**Work required:** Reproduce the data below word for word, setting aside any picture it holds.

**Data block:**
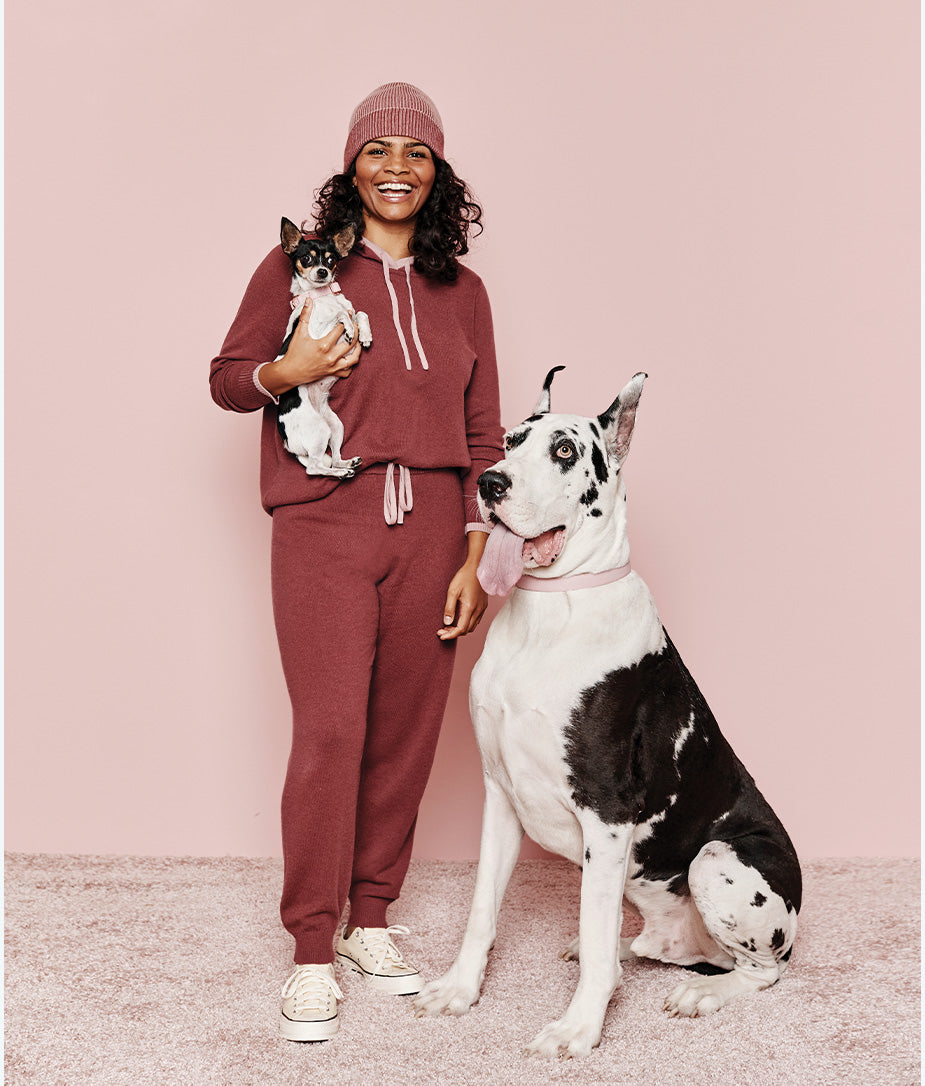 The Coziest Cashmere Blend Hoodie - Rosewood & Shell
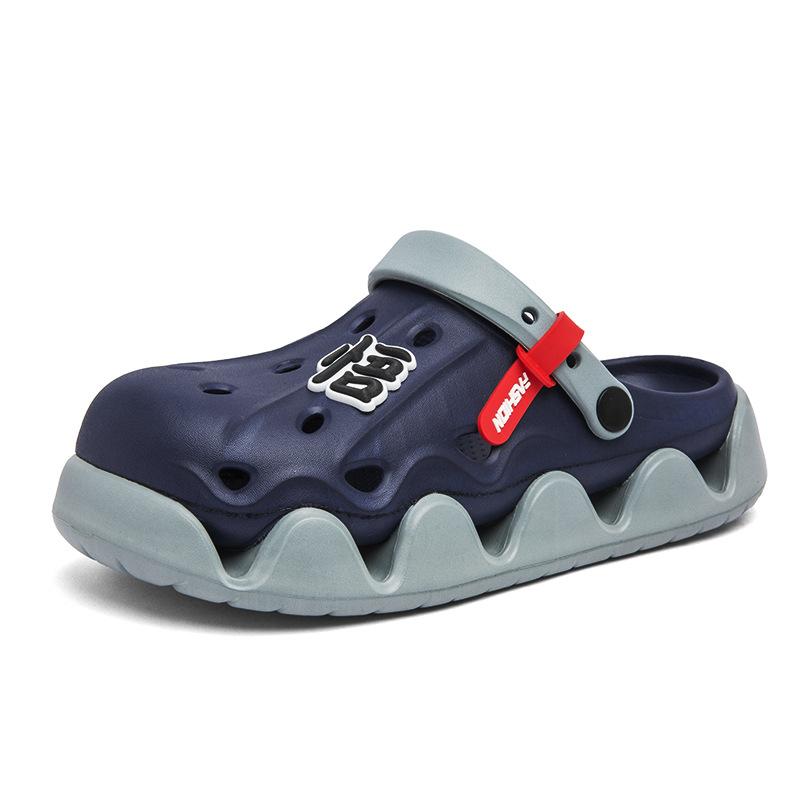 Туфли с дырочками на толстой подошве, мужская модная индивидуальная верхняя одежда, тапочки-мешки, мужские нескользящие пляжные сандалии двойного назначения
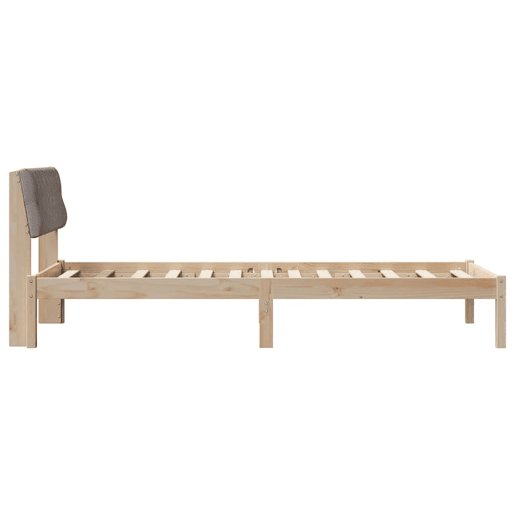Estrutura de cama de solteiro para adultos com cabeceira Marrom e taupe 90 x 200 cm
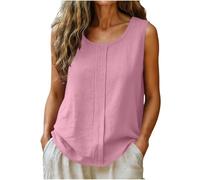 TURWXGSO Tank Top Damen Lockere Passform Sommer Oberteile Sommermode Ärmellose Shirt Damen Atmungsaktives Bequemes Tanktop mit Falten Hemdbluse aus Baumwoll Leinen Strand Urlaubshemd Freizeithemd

**Task answer:**
 The Coziest Cashmere Blend Hoodie - Rosewood & Shell
 Туфли с дырочками на толстой подошве, мужская модная индивидуальная верхняя одежда, тапочки-мешки, мужские нескользящие пляжные сандалии двойного назначения
Estrutura de cama de solteiro para adultos com cabeceira Marrom e taupe 90 x 200 cm
 TURWXGSO Tank Top Damen Lockere Passform Sommer Oberteile Sommermode Ärmellose Shirt Damen Atmungsaktives Bequemes Tanktop mit Falten Hemdbluse aus Baumwoll Leinen Strand Urlaubshemd Freizeithemd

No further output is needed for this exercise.